- Artist: John Constable
- Year: 1820
- Type: Oil on canvas, landscape painting
- Dimensions: 45.7 cm × 55.3 cm (18.0 in × 21.8 in)
- Location: Victoria and Albert Museum, London;

= Water Meadows near Salisbury =

Painting by John Constable

Water Meadows near Salisbury is an 1820 landscape painting by the British artist John Constable. It features a view of water meadows outside the city of Salisbury in Wiltshire. Constable frequently went to stay at Salisbury with his friend John Fisher, and produced a number of views of the city and its surroundings. Constable intended to display the painting at the Royal Academy Exhibition of 1830 at Somerset House, but when it was assessed by the selection committee they rejected the painting with one member describing it as a "poor thing" and "very green" unaware that it was Constable who had produced it. Although Constable had been elected a full member of the Royal Academy the previous year and was therefore entitled to have all his submitted pictures displayed, he chose to withdrew it perhaps out of a sense of embarrassment.
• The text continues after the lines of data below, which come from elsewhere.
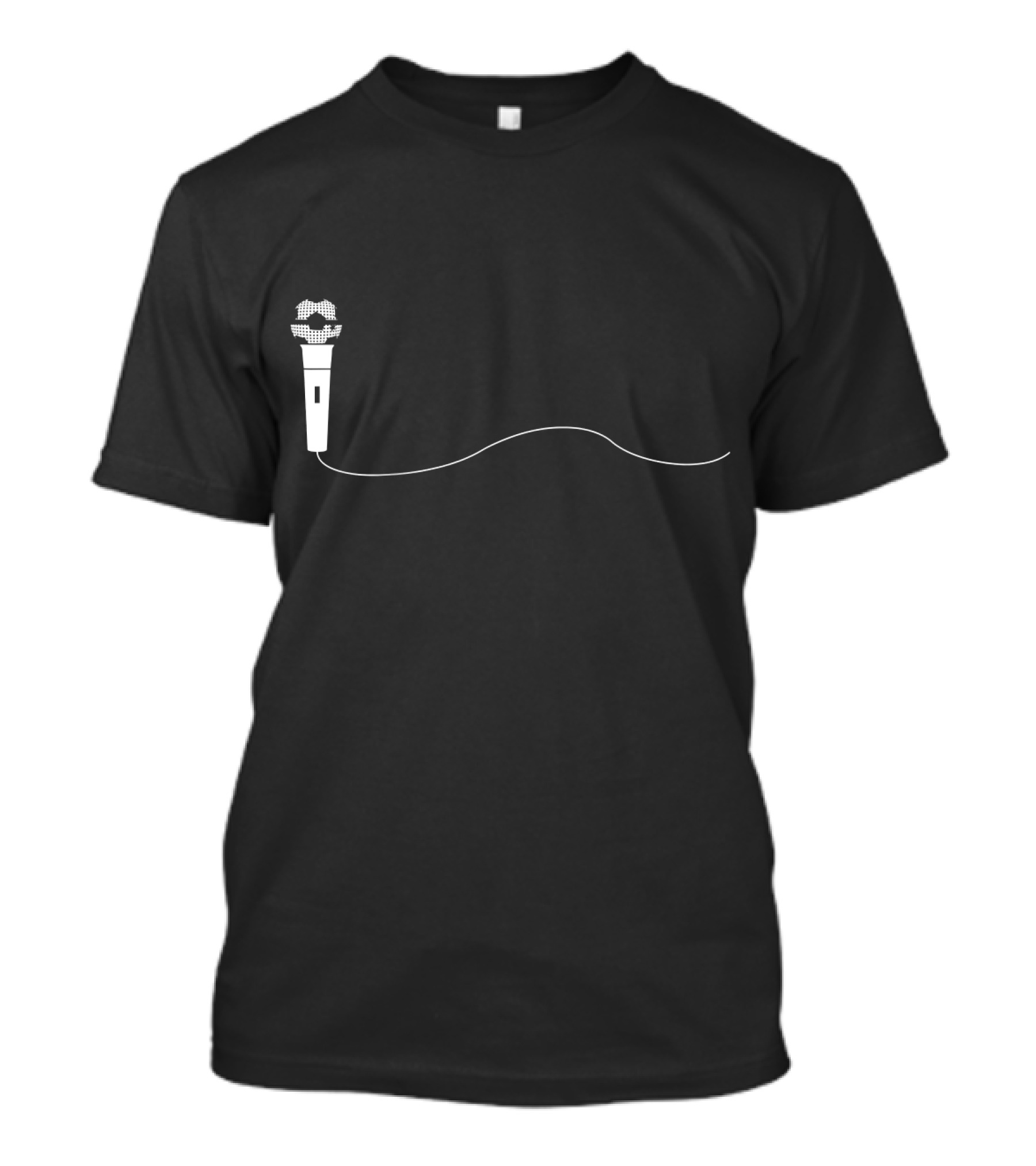 DonP By Kolchr Microphone Soccer Ball T-Shirt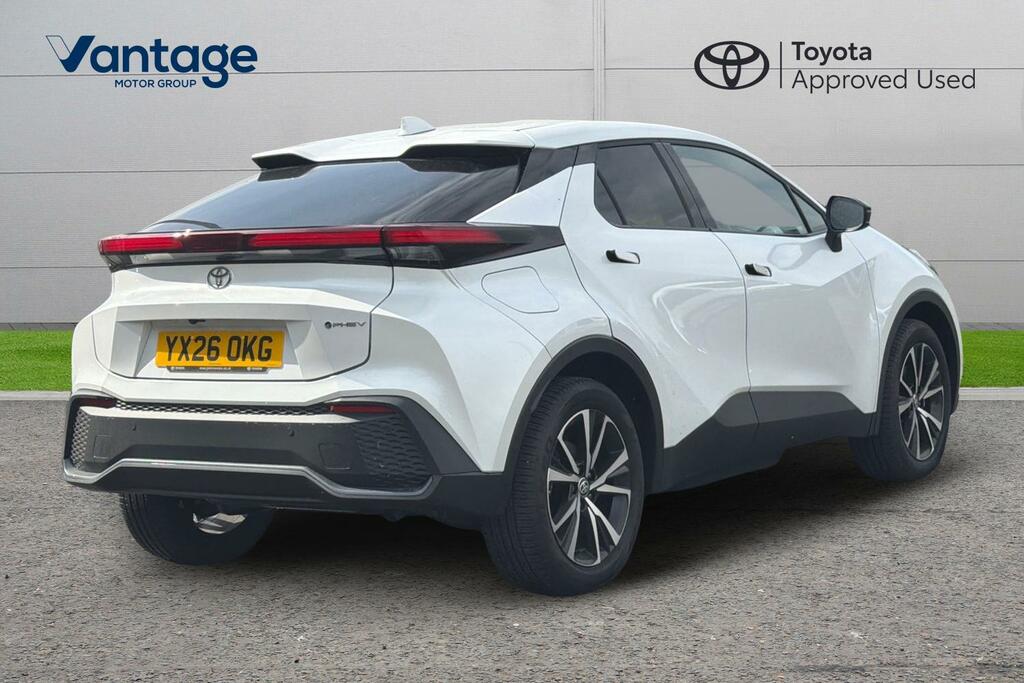 Toyota C-Hr 2.0 Vvt 13.6Kwh Design Cvt Euro 6 Ss White #2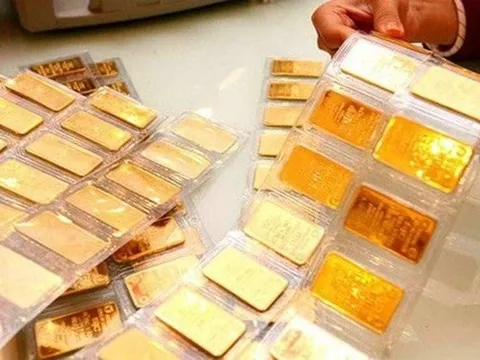 Ngân hàng Nhà nước dự kiến đấu thầu 16.800 lượng vàng SJC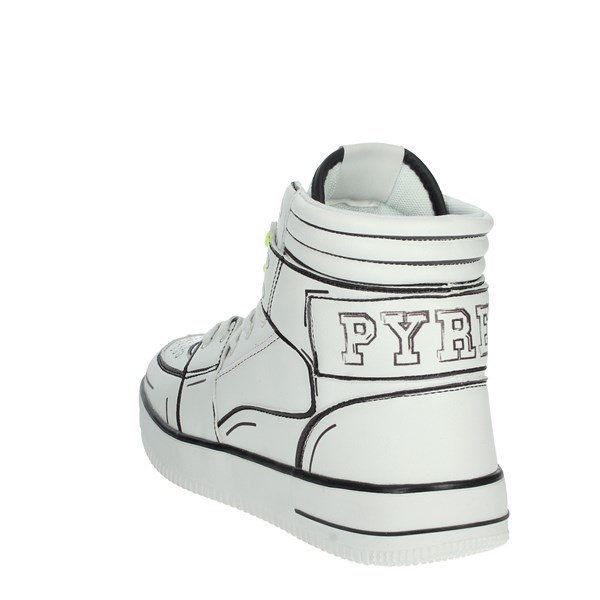 Pyrex Shoes Sneakers White PY80346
It was acquired by the art collector John Sheepshanks who in 1857 included it in the large Sheepshanks Gift to the nation. Today it is in the collection of the Victoria and Albert Museum in South Kensington. It featured in the 2025 exhibition Turner and Constable: Rivals and Originals at the Tate Britain.

==See also==
- List of paintings by John Constable

==Bibliography==
- Bietoletti, Silvestra. Neoclassicism and Romanticism. Sterling Publishing Company, 2009.
- Concannon, Amy (ed.) Turner and Constable: Rivals and Originals. Tate Publishing, 2025
- Reynolds, Graham. Constable's England. Metropolitan Museum of Art, 1983.
- Roe, Sonia. Oil Paintings in Public Ownership in the Victoria and Albert Museum. Public Catalogue Foundation, 2008.